_Activity_
Transcribe the records word for word. Leave every picture out.

_Data for this exercise_
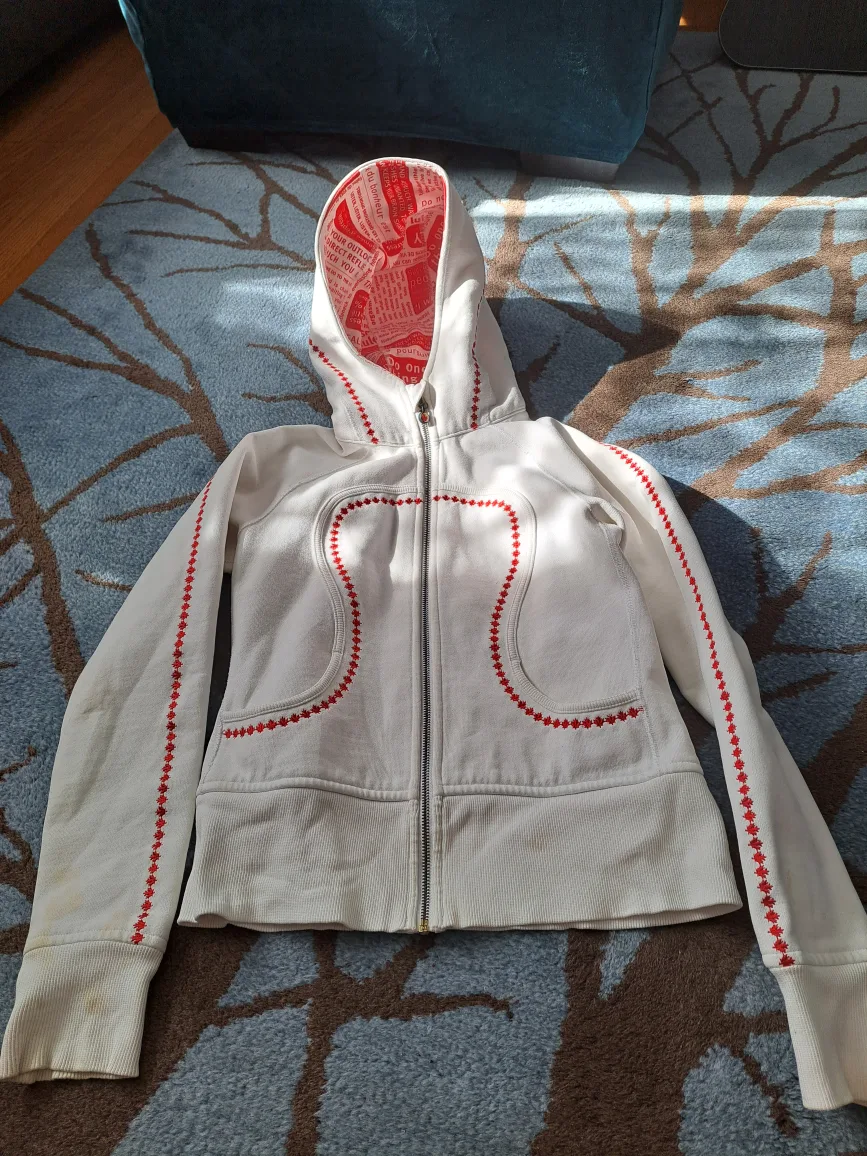 Lululemon Special Edition Hoodie thumbnail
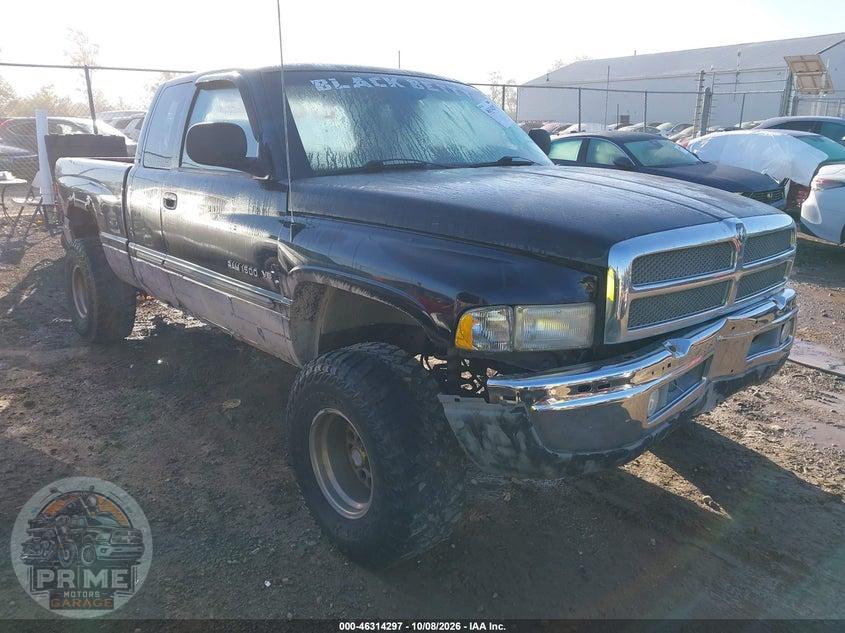 2001 DODGE RAM 1500 ST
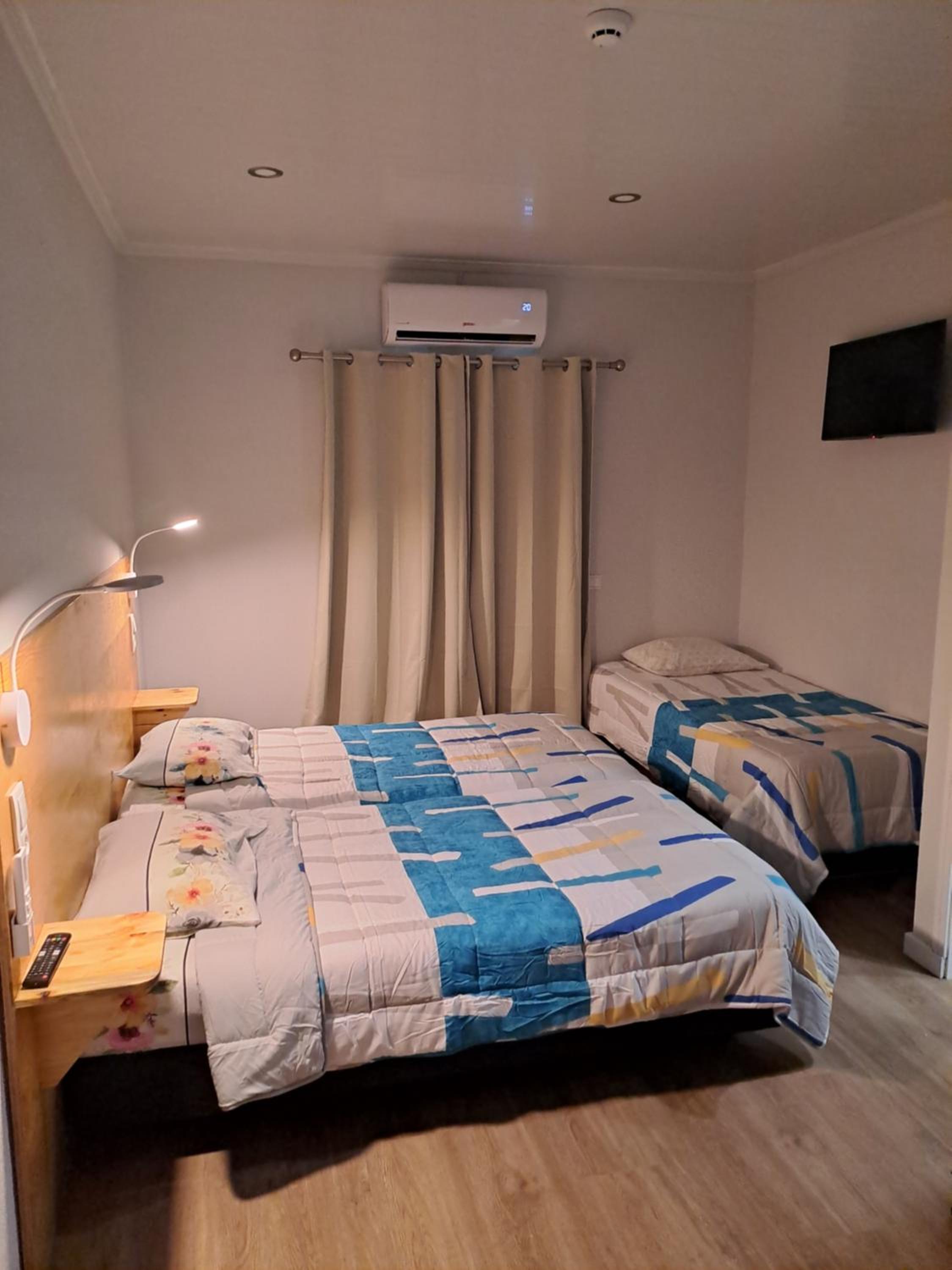 Triple Room with Balcony photo 1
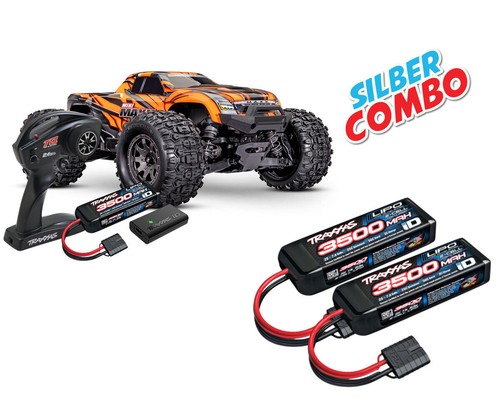 Traxxas mini maxx - traxxas, bl-2s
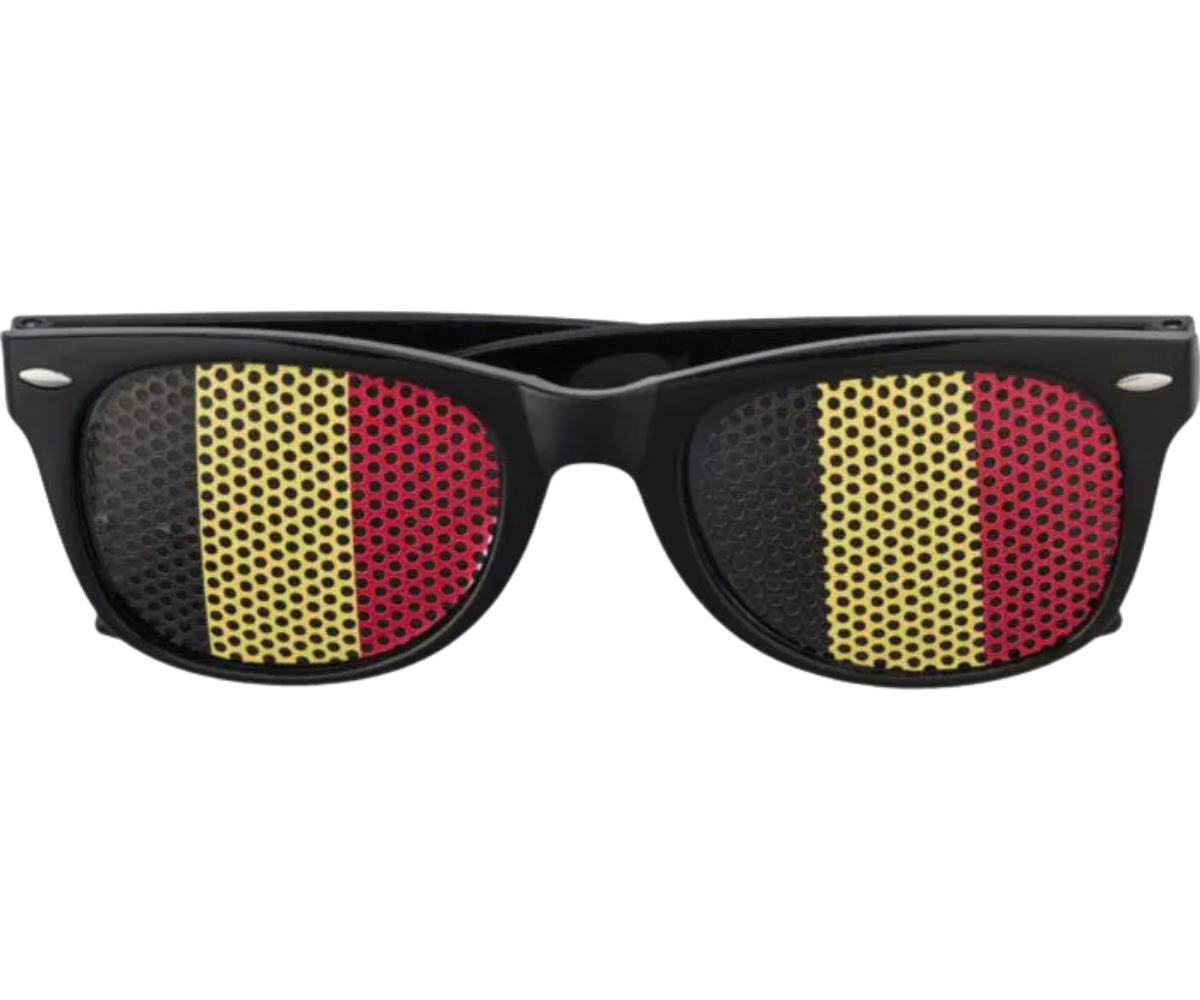 plexiglasssunglasseswithcountryflaglexi black yellow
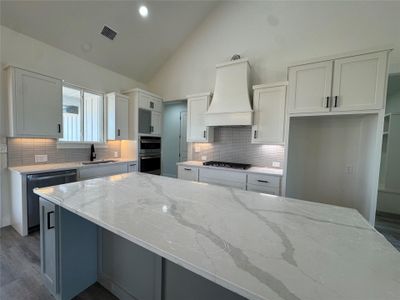 New construction Single-Family house 5501 Hollow Lp, Salado, TX 76571 - image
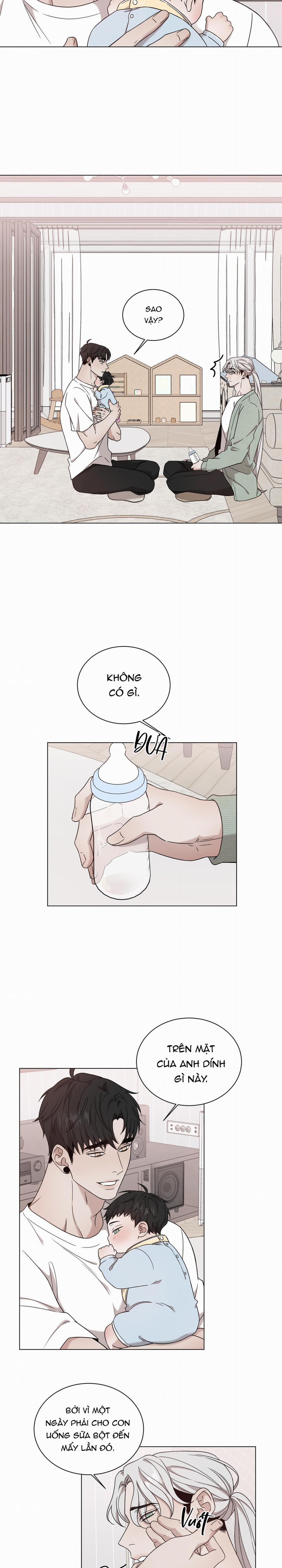 Hội Chứng Minmotion Ngoại Truyện 1 trang 6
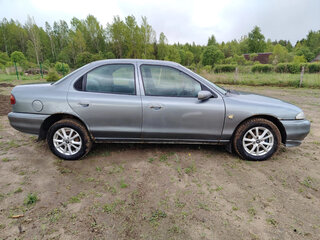 1993 Ford Mondeo I, серый, 75000 рублей, вид 4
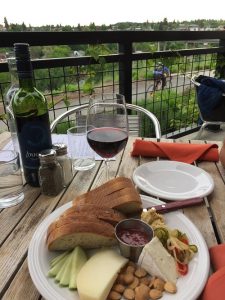 Central Food on the Centennial Trail. Photo: Shallan Knowles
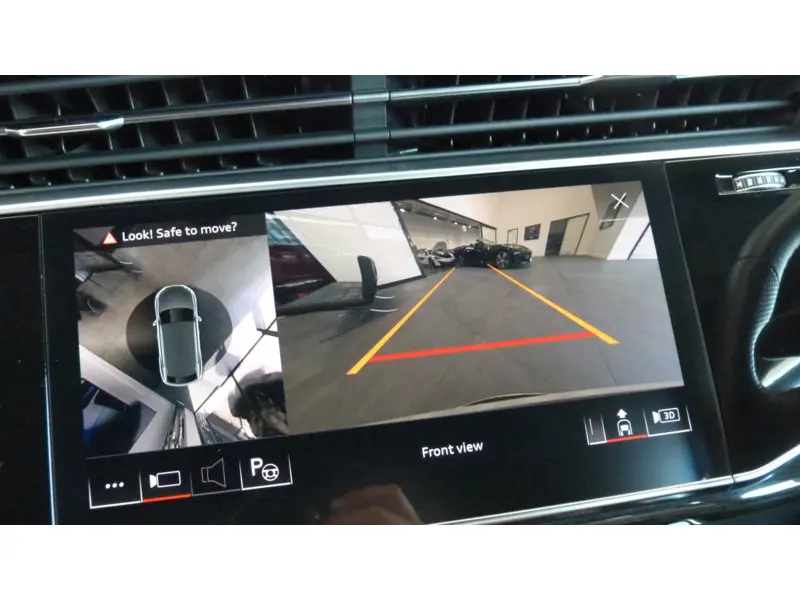2021 Audi SQ8 4.0 TFSI V8 Black Edition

_Solution for this task_
 Lululemon Special Edition Hoodie thumbnail
 2001 DODGE RAM 1500 ST
 Triple Room with Balcony photo 1
 Traxxas mini maxx - traxxas, bl-2s
 plexiglasssunglasseswithcountryflaglexi black yellow
 New construction Single-Family house 5501 Hollow Lp, Salado, TX 76571 - image
 Hội Chứng Minmotion Ngoại Truyện 1 trang 6
 1993 Ford Mondeo I, серый, 75000 рублей, вид 4
 Central Food on the Centennial Trail. Photo: Shallan Knowles
2021 Audi SQ8 4.0 TFSI V8 Black Edition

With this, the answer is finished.